The company’s products are being sold today in over 40 countries: Australia, Brazil, Germany, China, USA, Canada, and others. “We have hundreds of clients, one of which is the Crown Plaza Hotel in Singapore,” Paso says. “That hotel has won prestigious design competitions three times in a row. In Israel we worked with the Ritz Carleton Hotel in Herzliya – our technology is embedded in every room. In hotels, we put our technology primarily in bathrooms, so that it can be clear or frosted, which also allows more space in the room, since glass takes up way less space than a wall.”
And like Paso’s story of wanting to let the trees into his home, without compromising privacy or darkness, Gauzy’s technology starts at home. “I don’t know anyone who wouldn’t want some of our products in their home. Our tech touches nearly everyone,” he says. “It could be in your house or in your car. This isn’t some smart technology that sits deep inside the computer, this is something that you use daily. Moreover, we have gotten to the point where we don’t always know who our end customer will be, because we are often known as a company that sells glass – and does a lot of projects. We get to surprising places. We are proud of the fact that we have developed manufacturing capabilities, as well as a new industry in Israel, which did not exist. We are practically the only ones, certainly in Europe,”

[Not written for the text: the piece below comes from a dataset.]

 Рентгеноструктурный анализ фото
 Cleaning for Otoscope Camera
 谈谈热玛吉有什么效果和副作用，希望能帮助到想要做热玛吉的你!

From glasses to construction
Gauzy, with over thirty different patents and its trademark LCG – light controlled glass, is not the only company making the glass around us smarter. “There are technologies today that enable us to control light, almost entirely, but it is very expensive,” says Paso. “Now it is entering the world of cars and construction, but it will ultimately reach other fields because it is needed. It is a process that will happen.”
So what is special about Gauzy? “We don’t just develop the technology. Many start-ups develop a program, and it is very easy to develop a product, but there are not a lot of companies that do hardware or chemistry development, that both develop the tech – and produce it. We offer our product, which we built from nothing, and we are very, very proud of that. We control the whole process. Sometimes we synthesize our molecules, which we invented, and actually produce the product.” This is all done using the liquid crystal and SPD technologies.
Aside from the world of cars and construction, Gauzy is working with refrigerator companies that wanted to develop a door which you could see through. “It turns out that 80% of the time that a person leaves the fridge door open, he is just deciding what to take out of it, or he does not know what he wants. Many times you don’t even take anything out. All that door-opening makes the fridge motor work way harder, and for no real reason. In order to reduce the time that the fridge door is open, you could have see-through doors. With the press of a button, the door can turn clear, so that we only open the door when we actually want something.”
Another group that approached Gauzy was eye doctors. “They explained to us that after eye surgery, laser for example, you have to use an eye patch, and continually take it off and put it back on in order to help the eye become accustomed to the light,” says Paso. “This is a real prescription from the doctor, and a lot of people don’t do it properly, don’t put the patch on right, and it’s inconvenient. The doctors told us that they would want our tech within glasses, such that the lenses with the tech in them will know when to let light in and when to darken, according to the doctor’s prescription. And that is how we moved from the world of cars to the world of glasses.
“We have a wide range of products and we are working in a great variety of industries, and all of them encompass the same set of technologies,” Paso concludes. “Anywhere where light streaming through glass should be controlled – we are relevant.”